Dense retrieval systems are commonly used for information retrieval (IR). They rely on learning text representations through an encoder and usually require supervised modeling via labelled data which can be costly to obtain or simply unavailable. In this study, we introduce a novel unsupervised text representation learning technique via instruction-tuning the pre-trained encoder-decoder large language models (LLM) under the dual-encoder retrieval framework. We demonstrate the corpus representation can be augmented by the representations of relevant synthetic queries generated by the instruct-tuned LLM founded on the Rao-Blackwell theorem. Furthermore, we effectively align the query and corpus text representation with self-instructed-tuning. Specifically, we first prompt an open-box pre-trained LLM to follow defined instructions (i.e. question generation and keyword summarization) to generate synthetic queries. Next, we fine-tune the pre-trained LLM with defined instructions and the generated queries that passed quality check. Finally, we generate synthetic queries with the instruction-tuned LLM for each corpora and represent each corpora by weighted averaging the synthetic queries and original corpora embeddings. We evaluate our proposed method under low-resource settings on three English and one German retrieval datasets measuring NDCG@10, MRR@100, Recall@100. We significantly improve the average zero-shot retrieval performance on all metrics, increasing open-box FLAN-T5 model variations by [3.34%, 3.50%] in absolute and exceeding three competitive dense retrievers (i.e. mDPR, T-Systems, mBART-Large), with model of size at least 38% smaller, by 1.96%, 4.62%, 9.52% absolute on NDCG@10.
Paper Structure (20 sections, 8 equations, 3 figures, 7 tables)

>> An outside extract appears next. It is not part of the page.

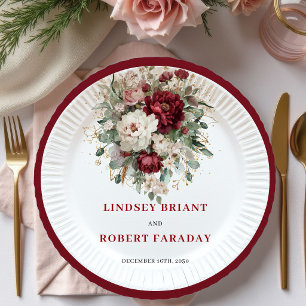 Classic Burgundy Floral Greenery Gold Wedding   Paper Plate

This paper contains 20 sections, 8 equations, 3 figures, 7 tables.

Figures (3)

  • Figure 1: Illustration of the corpus representation augmented by the embedding of relevant queries, synthetic queries generated by open-box LLM and instruct-tuned LLM.
  • Figure 2: A high-level overview of Encoder-Decoder corpus representation. In the first instruction-tuning step, given a set of instruction tasks (in our case keyword summarization: "Read the passage and summarize keywords." and question generation: "Read the passage and generate a question."), the open-box LLM will generate instruction following examples which are passed through filters for quality control. The filtered examples form an instruction pool and are used to instruction-tune the open-box LLM. In the second Rao-Blackwellization step, by prompting the instruct-tuned LLM using the same instructions as in the first step, synthetic questions and keywords are generated for the corpus. Both the corpus and the generated sequences are encoded by the LLM encoder and the weighted average of their embedding is used as corpus representation.
  • Figure 3: t-SNE distributions for corpus representation generated from FLAN-T5-Large. (a-d) NFCorpus, SciFact, SCIDOCS, GermanQuAD. (1-2) Original corpus, Weighted corpus with synthetic queries after instruction-tuning.